Partisan Gerrymandering
Partisan gerrymandering — the manipulation of district lines for partisan advantage — has been practiced since the earliest days of the Republic. The two primary techniques are "packing" (concentrating the opposing party's voters into a small number of districts that the opposition wins by overwhelming margins, wasting their votes) and "cracking" (dispersing the opposing party's voters across multiple districts so they cannot form a majority in any). Modern gerrymandering has become dramatically more effective due to sophisticated mapping software, granular voter data, and computational methods that allow mapmakers to optimize partisan advantage with surgical precision.
The constitutional status of partisan gerrymandering was a persistent question for decades. In Davis v. Bandemer, 478 U.S. 109 (1986), a plurality of the Supreme Court held that partisan gerrymandering claims are justiciable but failed to agree on a workable standard for adjudicating them. For more than 30 years, courts struggled to develop a judicially manageable standard for distinguishing permissible partisan considerations in redistricting from unconstitutional partisan gerrymandering.
In Rucho v. Common Cause, 588 U.S. 684 (2019), the Supreme Court resolved this question by holding that partisan gerrymandering claims present nonjusticiable political questions that are beyond the reach of the federal courts. Chief Justice Roberts, writing for a 5-4 majority, concluded that "partisan gerrymandering claims present political questions beyond the reach of the federal courts" because there are no "judicially discoverable and manageable standards for resolving" them. The Court acknowledged that "excessive partisanship in districting leads to results that reasonably seem unjust" but concluded that the Constitution commits the regulation of partisan gerrymandering to Congress and the state governments, not to the federal judiciary.
The Rucho decision closed federal courts to partisan gerrymandering claims but left open other avenues for reform. State courts may adjudicate partisan gerrymandering claims under state constitutional provisions, and several have done so — the Pennsylvania Supreme Court struck down a congressional map as a partisan gerrymander under the state constitution in League of Women Voters of Pennsylvania v. Commonwealth (2018), and the North Carolina Supreme Court did the same in Harper v. Hall (2022), though the North Carolina court later reversed itself in 2023 after a change in the court's composition. Congress retains the authority under the Elections Clause to regulate congressional redistricting, though efforts to enact federal anti-gerrymandering legislation have not succeeded.
Independent Redistricting Commissions
The reform most widely adopted to address gerrymandering is the independent redistricting commission. These commissions vary in structure, but their common feature is the removal of redistricting authority — entirely or partially — from the state legislature. As of 2025, approximately a dozen states use independent or bipartisan commissions for congressional redistricting, state legislative redistricting, or both.

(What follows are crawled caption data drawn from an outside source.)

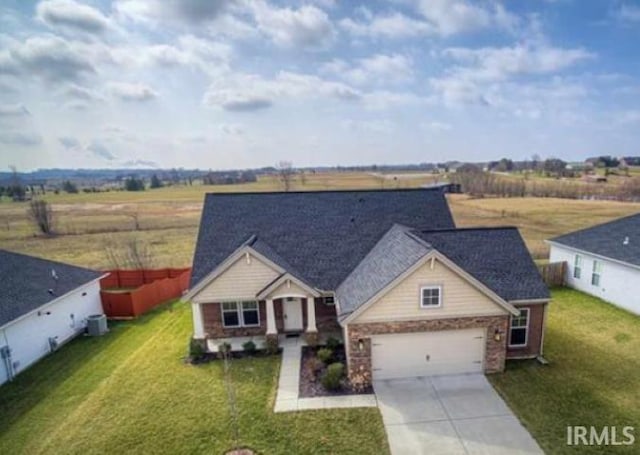 3102 Paradise Cir, Newburgh, IN 47630 - view of front facade featuring driveway, a garage, a front yard, and a view of rural / pastoral area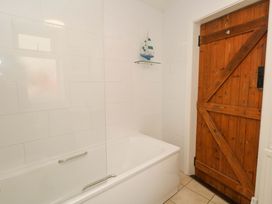 A bathroom with a bathtub and a wooden door at NO 10 Fortuneswell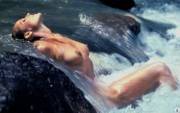 Ursula Andress laying on a waterfall.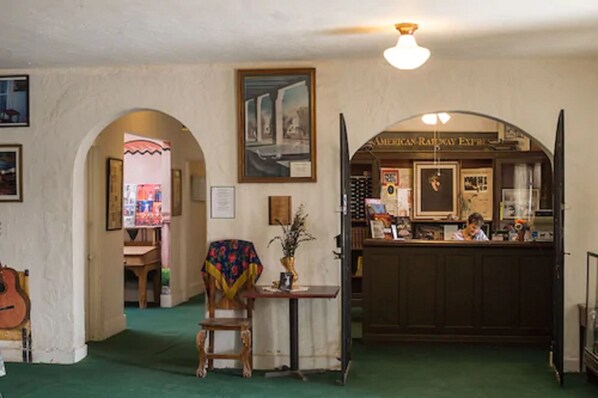 A room with a wooden chair, a table with a vase, a framed picture on the wall, and a counter with a sign reading "AMERICAN RAILWAY EXPRESS". - Amargosa Opera House (Death Valley)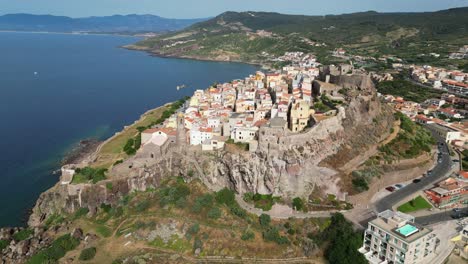 Castelsardo-castle-and-fortified-town-in-Sardinia,-Italy---4k-Drone-Aerial-Circling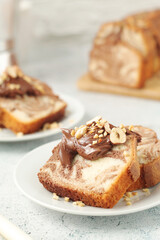 A piece of marble biscuit with chocolate cream and nuts	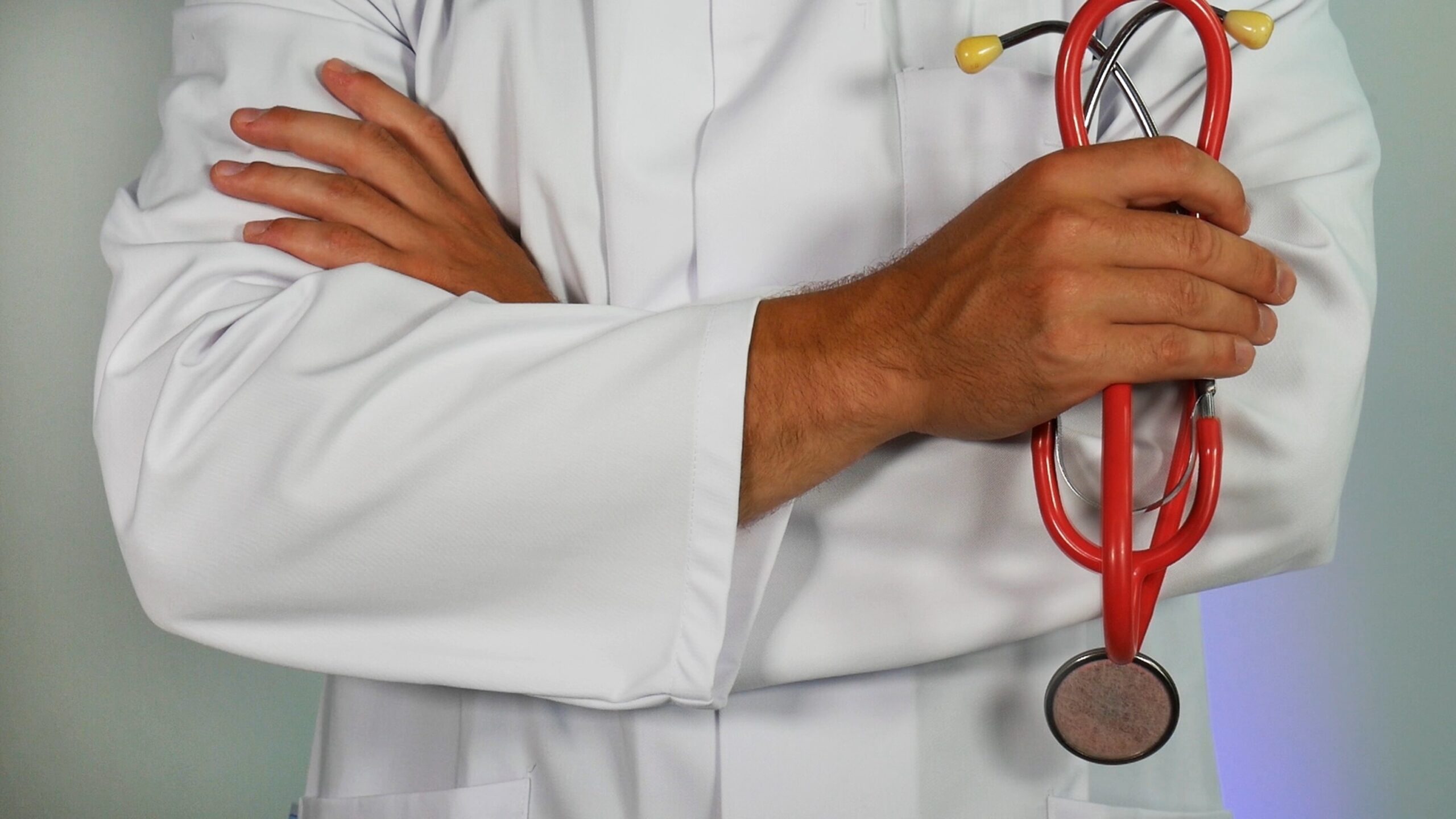 doctor-in-a-white-coat-holding-a-stethoscope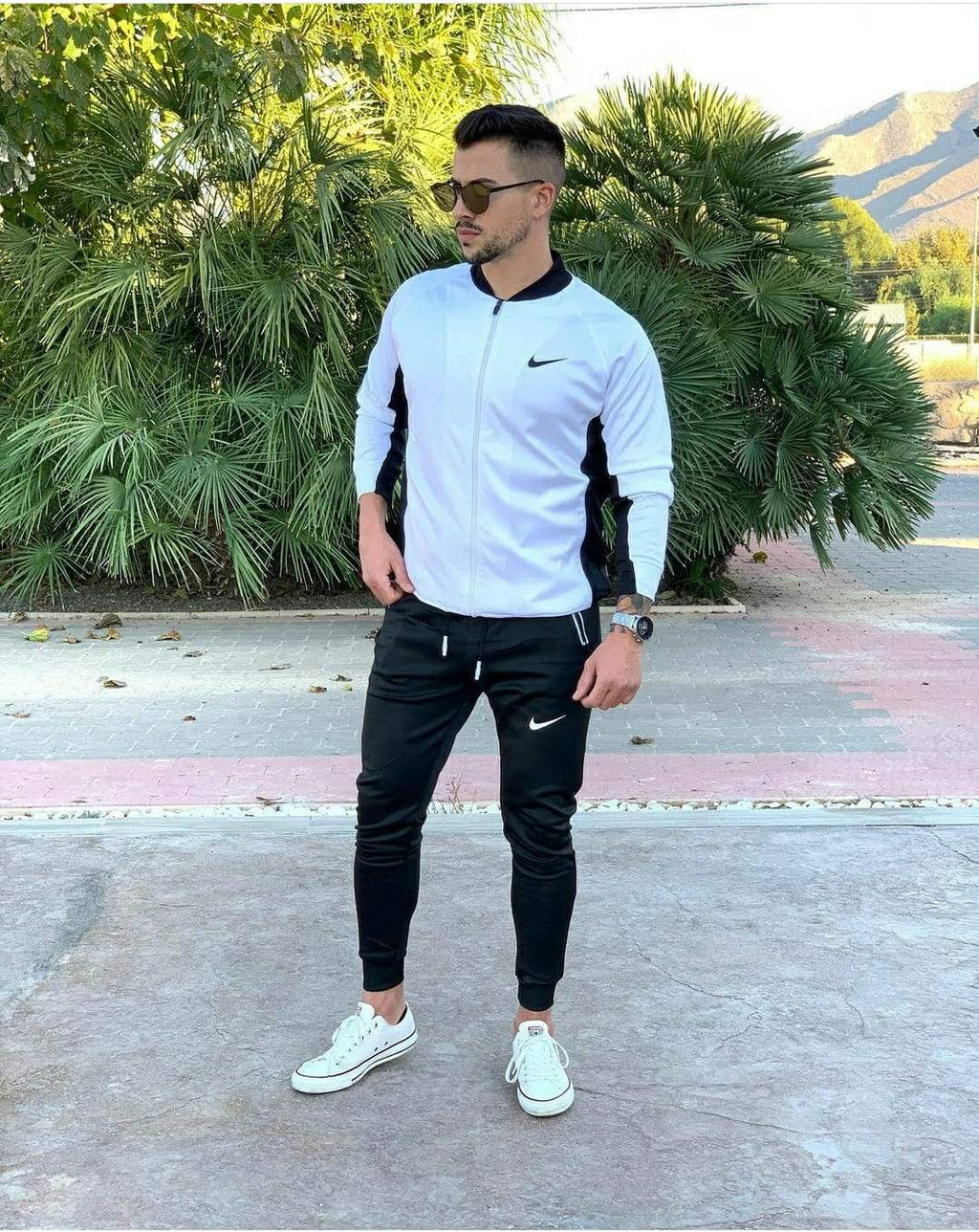 CHÁNDAL NIKE CHAQUETA CREMALLERA Y PANTALONES CON BOLSILLOS REFLECTANTES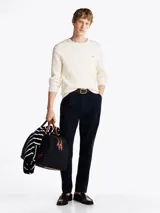 Sweater de punto trenzado color blanco con cuello redondo, mangas largas y detalles acanalados en puños y bajo, de la marca Tommy Hilfiger.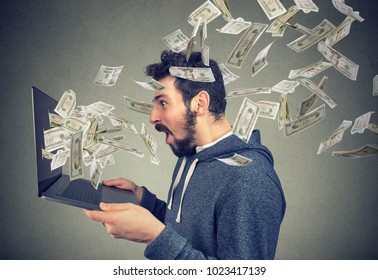Side view of man holding laptop and winning plenty of money in social media. 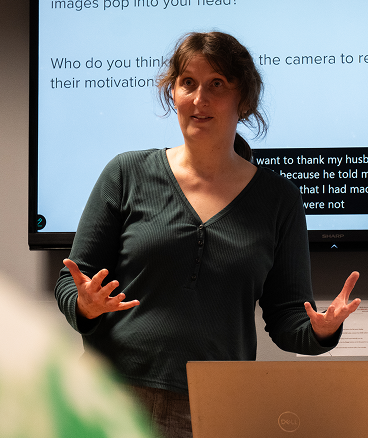 A woman at a podium presents to her audience, talking animatedly with her hands.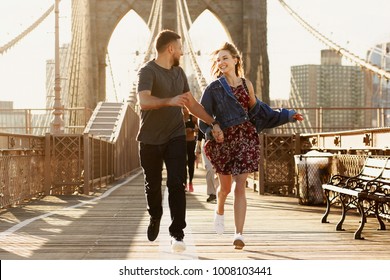 Beautiful young man and woman pose on the Brooklyn Bridge in the rays of morning sun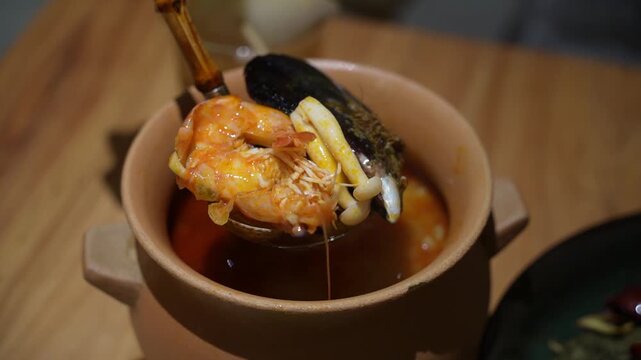 Hot and Spicy Tom-Yum Goong soup with shrimp River prawn and mushrooms, spicy soup traditional Thai food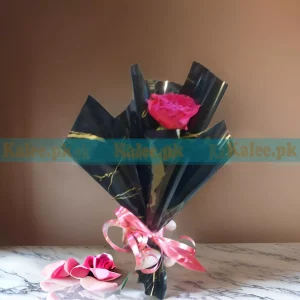 A beautifully wrapped Single English Red Rose Flower, elegantly arranged for a timeless and romantic gift.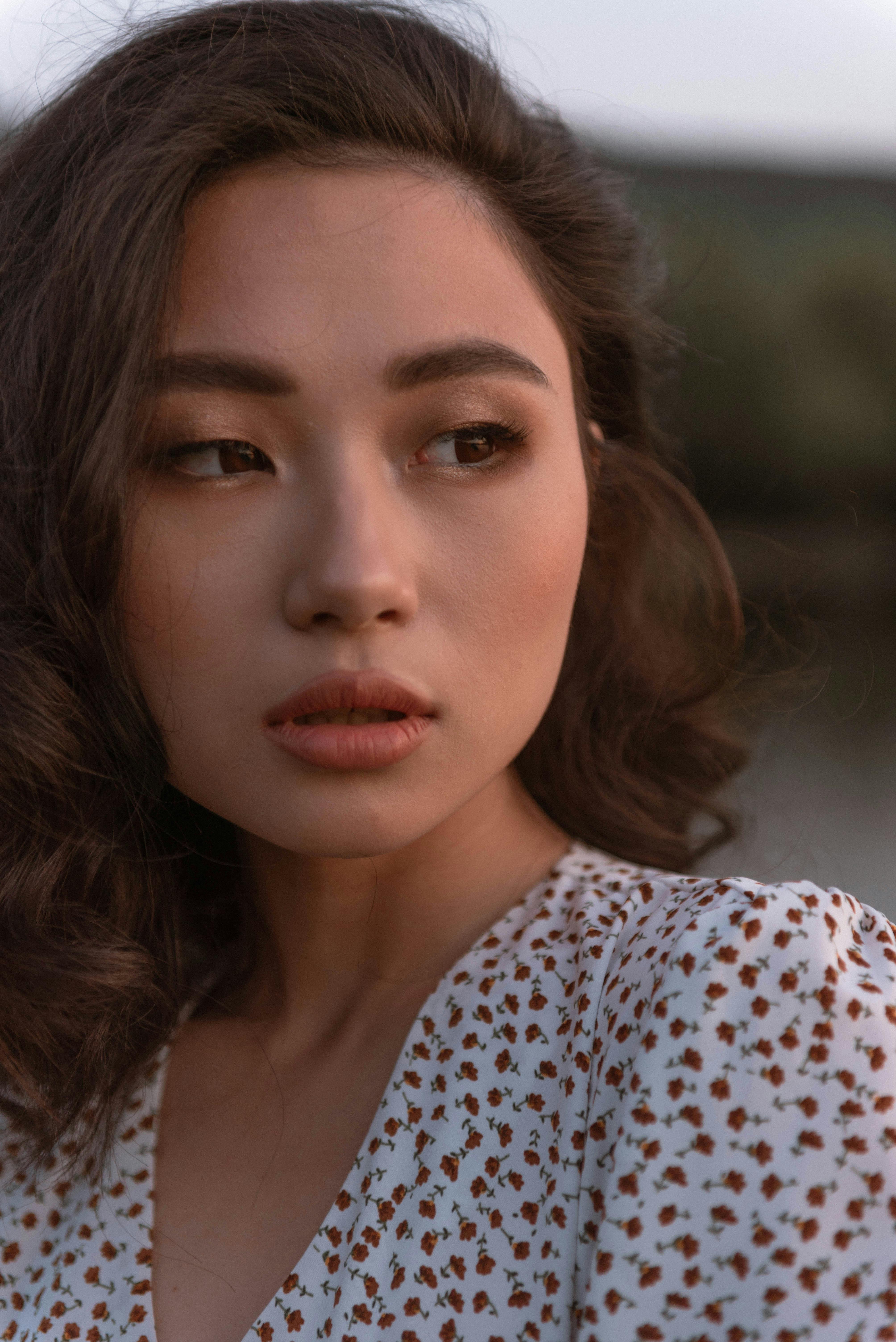 Elegant portrait of a woman in soft natural light outdoors, highlighting her beauty.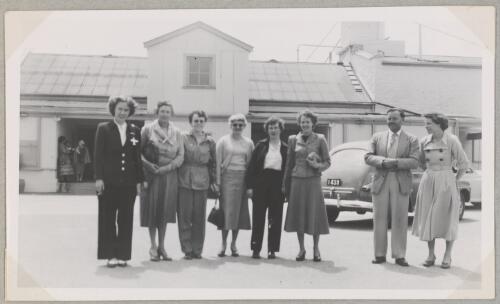 Australian Women Pilots' Association member Jacqueline Smith (far left) with seven unidentified persons standing in car park in front of building for an annual meeting, Adelaide, 1953 [picture]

California's Citizens Redistricting Commission consists of 14 members: five registered Democrats, five registered Republicans, and four members who are not affiliated with either major party. Members are selected through an application and screening process designed to minimize legislative influence. The commission must draw districts that comply with the federal Constitution and the Voting Rights Act; achieve population equality; are geographically contiguous; keep together cities, counties, neighborhoods, and communities of interest to the extent possible; and are compact. Partisan considerations are expressly prohibited.
Michigan's Independent Citizens Redistricting Commission, established by a ballot initiative in 2018, has a similar structure: 13 members, divided among Democrats, Republicans, and independents, selected through a random process from a pool of applicants. Colorado's independent commissions — one for congressional redistricting and one for state legislative redistricting — include both appointed members and members selected by judicial officials.
The effectiveness of independent commissions in reducing partisan gerrymandering is a subject of ongoing evaluation. Studies of maps drawn by commissions generally find that they produce more competitive districts and more proportional representation than maps drawn by legislatures, though commissions are not immune to political pressures and their outcomes depend heavily on their specific structural features, including member selection processes, decisional criteria, transparency requirements, and the availability of judicial review.
Traditional Redistricting Criteria
Beyond the legal requirements of population equality and compliance with the Voting Rights Act, redistricting is typically guided by a set of traditional principles that vary by state. These include compactness (districts should be reasonably shaped rather than sprawling or contorted), contiguity (all parts of a district must be connected), preservation of political subdivisions (districts should respect county, city, and town boundaries to the extent feasible), preservation of communities of interest (districts should keep together groups of people who share common concerns, such as economic interests, social characteristics, or geographic features), and preservation of the cores of existing districts (to minimize disruption to existing representational relationships).
These criteria serve as constraints on the redistricting authority's discretion, but they often conflict with one another and with political objectives. A perfectly compact district may split communities of interest; a district that preserves political subdivisions may not achieve population equality without irregular shapes. The relative weight given to these criteria — and whether partisan advantage is treated as a permissible or impermissible consideration — varies by state and by the entity responsible for drawing the maps.
The increasing sophistication of redistricting technology has made it possible to optimize maps for virtually any combination of criteria, including partisan advantage. Algorithms can generate thousands of possible maps and evaluate each one against multiple metrics simultaneously. This same technology, however, can also be used to evaluate whether a particular map is an outlier relative to the universe of possible maps that comply with traditional criteria — an approach that has been used in litigation to demonstrate that a challenged map was designed to achieve partisan ends rather than to serve legitimate redistricting objectives.
Prison Gerrymandering and Other Emerging Issues
Prison gerrymandering refers to the Census Bureau's practice of counting incarcerated persons as residents of the prison facility rather than their home address. Because prisons are disproportionately located in rural areas, this practice inflates the population — and thus the political representation — of the rural districts where prisons are located, while correspondingly diminishing the representation of the urban communities from which most prisoners originate. The distortion is compounded by the fact that incarcerated persons cannot vote in most states, meaning that the population credited to the prison district consists largely of people who have no political voice within it.
Several states have adopted laws requiring that incarcerated persons be counted at their pre-incarceration address for redistricting purposes, including California, Colorado, Connecticut, Delaware, Maryland, Nevada, New Jersey, New York, Virginia, and Washington. The Census Bureau itself considered and rejected changing its methodology for the 2020 census, leaving the adjustment to individual states. The issue illustrates the broader principle that technical choices in how population is counted and allocated can have significant consequences for political representation.
Redistricting after the 2030 census will confront additional challenges, including the growing prevalence of partisan polarization that makes map-drawing increasingly contentious regardless of the process used, the impact of demographic shifts on the Voting Rights Act's requirements for minority-opportunity districts, and the consequences of the Supreme Court's decisions narrowing both the scope of the Voting Rights Act and the availability of federal judicial review for partisan gerrymandering claims. Whether independent commissions, state court litigation, or congressional action will prove the most effective mechanism for addressing these challenges remains to be determined by the political dynamics of the coming decade.